What International Law can learn from the Renaissance
A very interesting discussion on treaty interpretation is ongoing at Opinio Juris, in particular, over textual vs contextual interpretation and the use of travaux preparatoires of treaties. The discussion has, so far, culminated in an intriguing post by Duncan Hollis, “Art and the Auto-Interpretation of Treaties”. (See http://opiniojuris.org/2009/03/03/art-and-auto-interpretation-of-treaties/)

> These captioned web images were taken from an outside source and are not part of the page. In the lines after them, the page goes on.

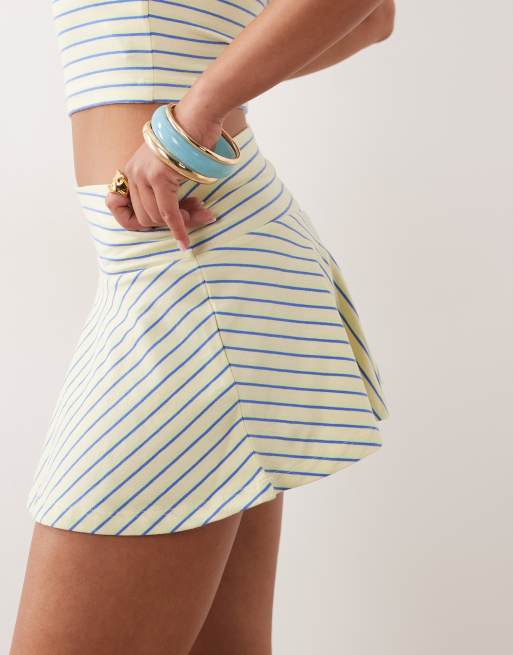 Allegra K Gonna midi da donna con orlo a volant elastico sul retro con bottoni, Blu, 40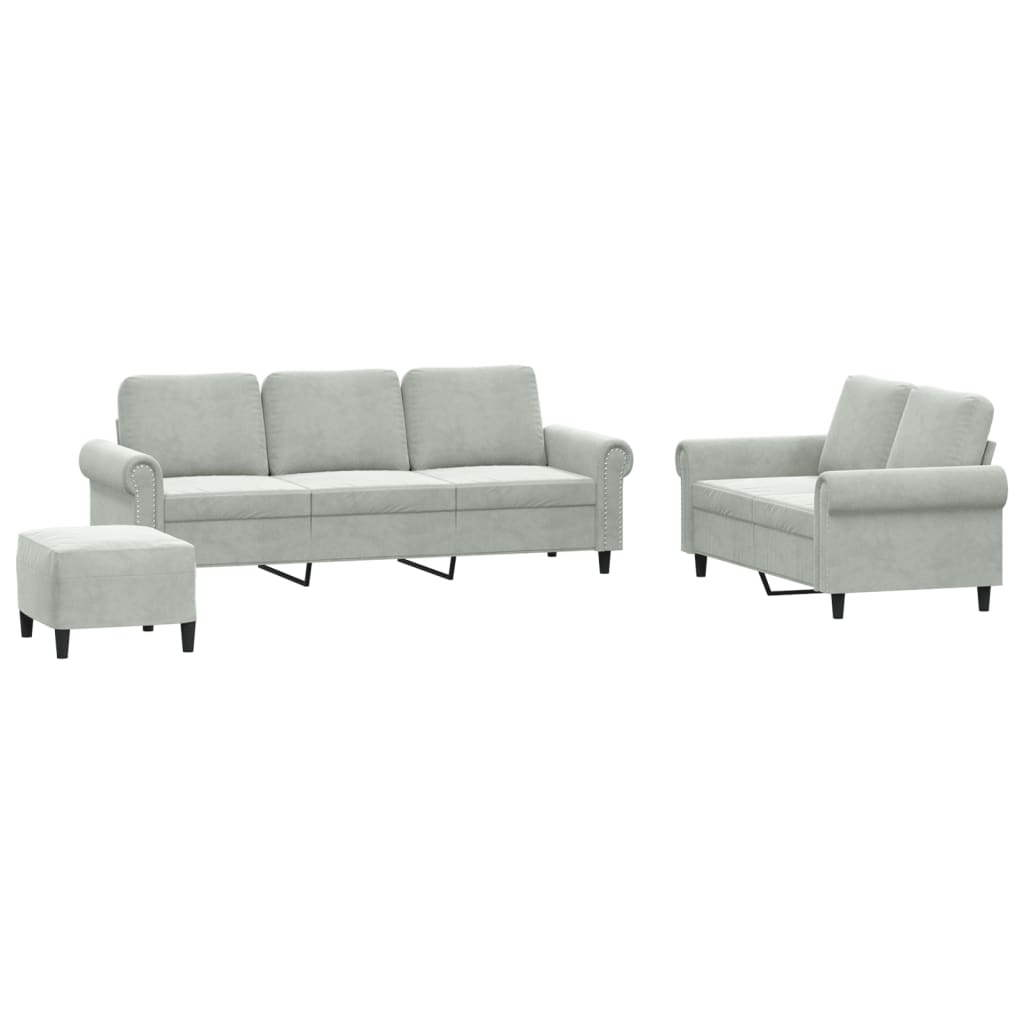 sofasæt 3 dele med hynder velour lysegrå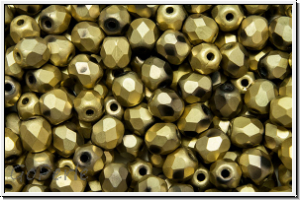 B�hm. Glasschliffperle, feuerpol., 4mm, brass, met., antique, 50 Stk.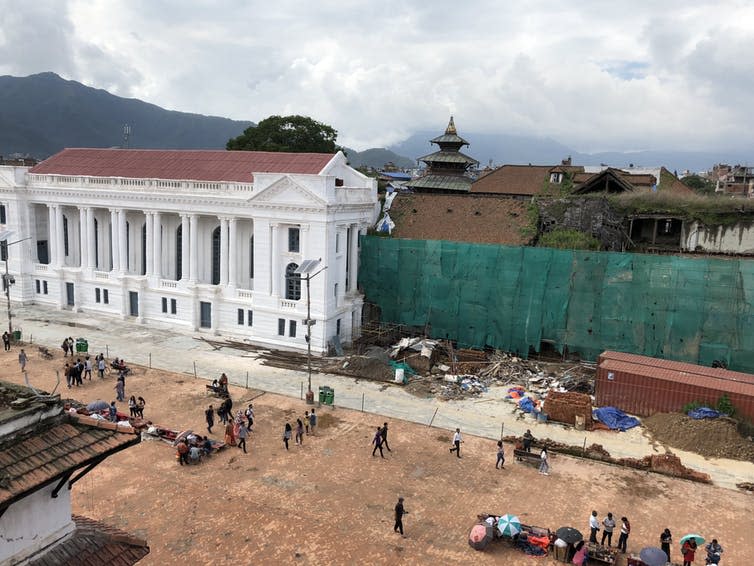 <span class="caption">Gaddi Baithak: under construction.</span> <span class="attribution"><span class="source">Urmi Sengupta.</span>, <span class="license">Author provided</span></span>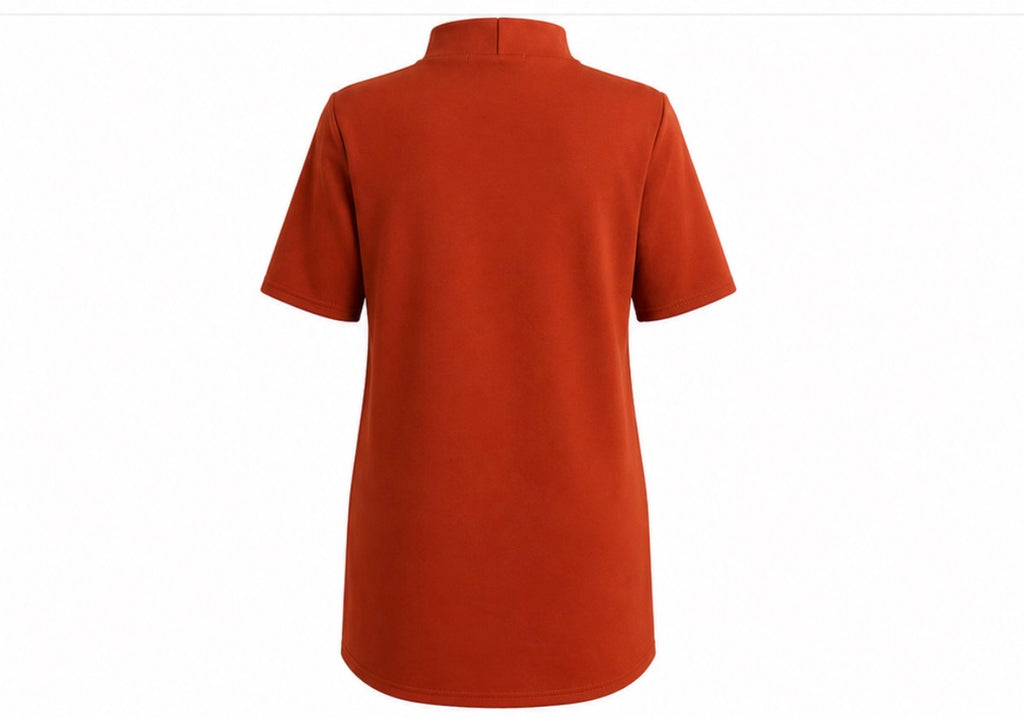 Burnt Orange High Neck Shift Dress
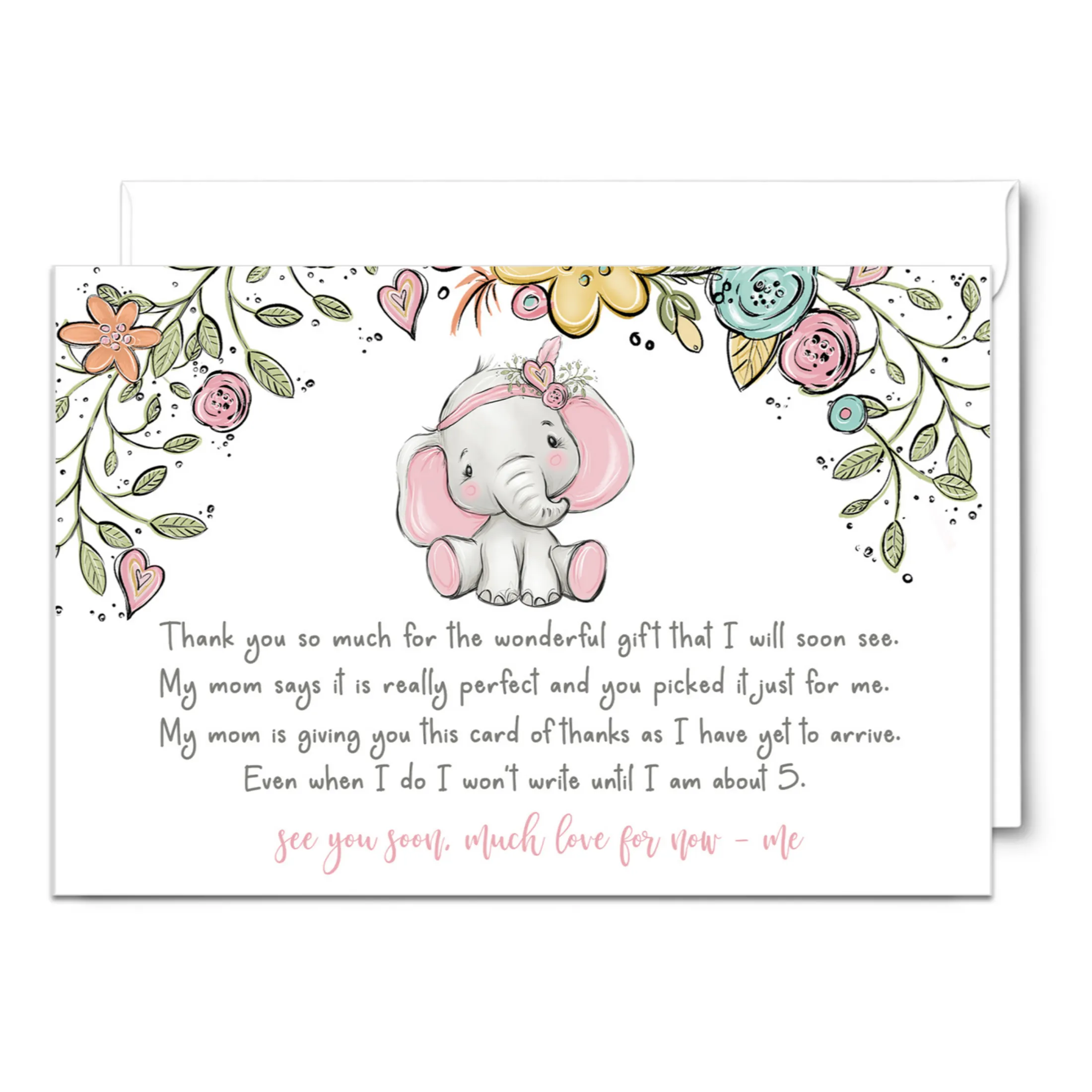 Cottage Elephant Baby Shower Thank You Cards for Girls – Personalized Notecards (Pack of 25)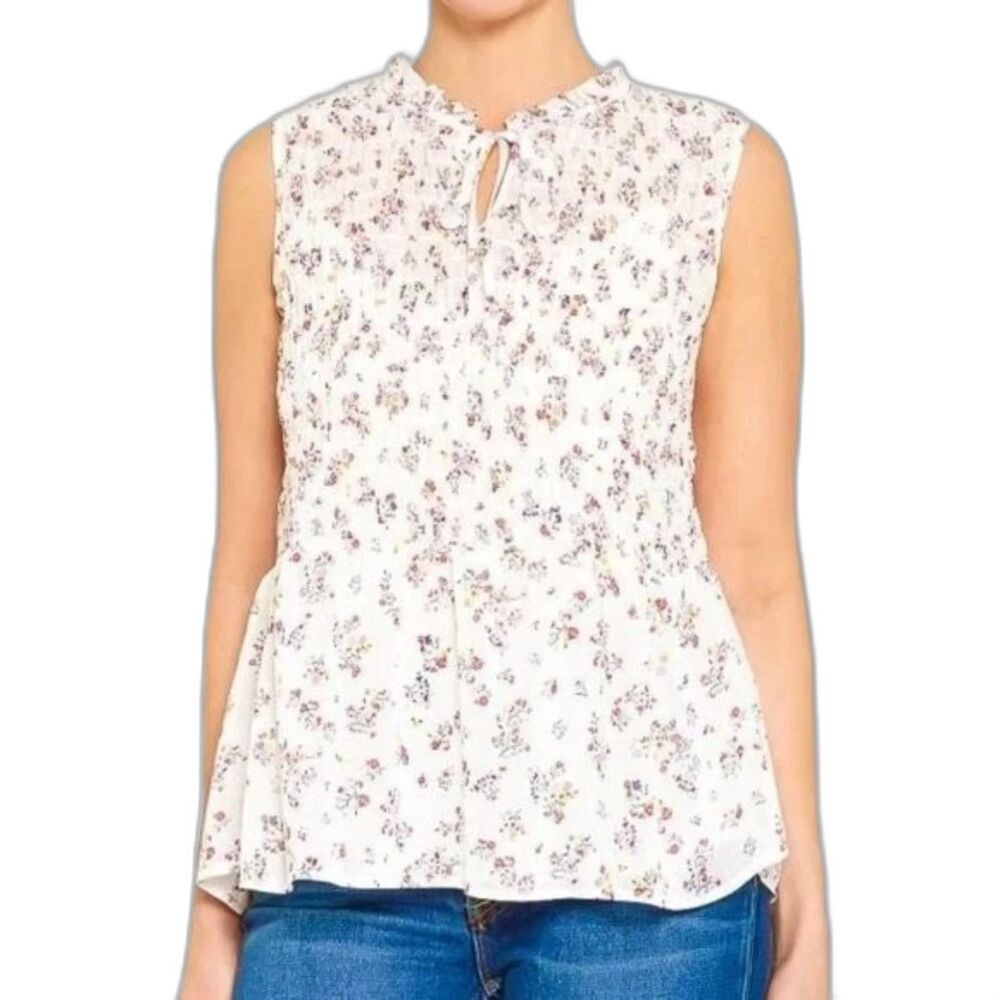 Pleione Women's Large Floral Bow Tie Keyhole Neck Smocked Sleeveless Blouse Top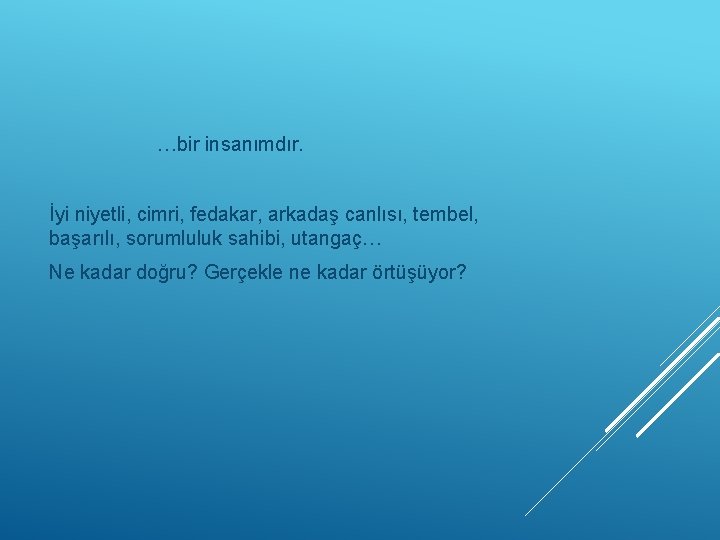 …bir insanımdır. İyi niyetli, cimri, fedakar, arkadaş canlısı, tembel, başarılı, sorumluluk sahibi, utangaç… Ne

He asks, “(s)imply put, I wonder what the artistic axiom — that beauty lies in the art of the beholder — does for our art of treaty interpretation. What constitutes a “good” interpretation of a treaty may be as difficult to agree upon as what constitutes good “art.” Indeed, I see the question of the continuing salience of Prof. McDougal’s work (or the concept of textuality raised by Professor van Damme) as essentially a debate over which treaty interpretation techniques we should celebrate and which we should disapprove. We might analogize it to debates among various schools of art. Do we consider photorealism (i.e., textualism) to be better than abstract art (i.e., the New Haven School)? Or, is the answer somewhere in between a la impressionism (i.e., the VCLT rule)?”
This statement reminds me of something I once wondered about the Italian Renaissance. During that period, many scientific breakthroughs took place in the shadow of developments in art. Brunelleschi’s design of the Dome of the Basilica di Santa Maria del Fiore, at that time the largest self supporting brick dome in the world, was a scientific as well as an artistic marvel. Similarly, the work of Leonardo da Vinci and Michaelango speak volumes of the connection between artistic endeavor and scientific discovery. What can the “science” of treaty interpretation learn from the “art” of treaty interpretation? Or are they mutually exclusive enterprises?